One of the best ways to get started is to ask yourself a few simple questions to get oriented. What is the point of this design review? What do I hope to get out of it? Are there aspects of the design that you are most worried about? What seems risky? What seems straightforward? Are there areas where you explicitly don’t want feedback because the work is incomplete?
Taking a few moments to answer these kinds of questions for yourself can help you prepare more efficiently, keep discussion on track, get more useful feedback, and improve your designs more efficiently.
PRACTICAL GUIDANCE
To get the most bang for your buck you should match your design review goals to the maturity of your current design. Start by thinking about where you are in your development timeline.
Then tailor your review objectives to the needs of each phase. Here’s an overview of what to consider at each stage in your development.

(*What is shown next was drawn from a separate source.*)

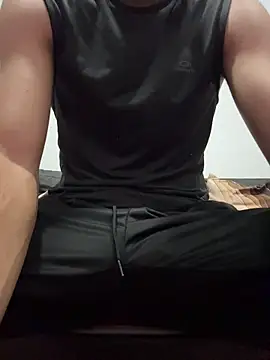 Davisuarez online show from February 25, 1:45 pm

- Concept and architecture development. Before developing integrated engineering prototypes, you will be experimenting with different architectures, making breadboards, roadkill prototypes, and other partial assembly and subsystem prototypes. At this stage you should be focused on reducing technical and product development risks. Your reviews should address foundational design decisions and high impact choices that will set your team’s direction for subsequent iterations. Don’t worry about interrogating the design against a detailed list of functional requirements (you probably don’t have one yet anyway!). Instead focus on reducing key risks and optimizing for learning.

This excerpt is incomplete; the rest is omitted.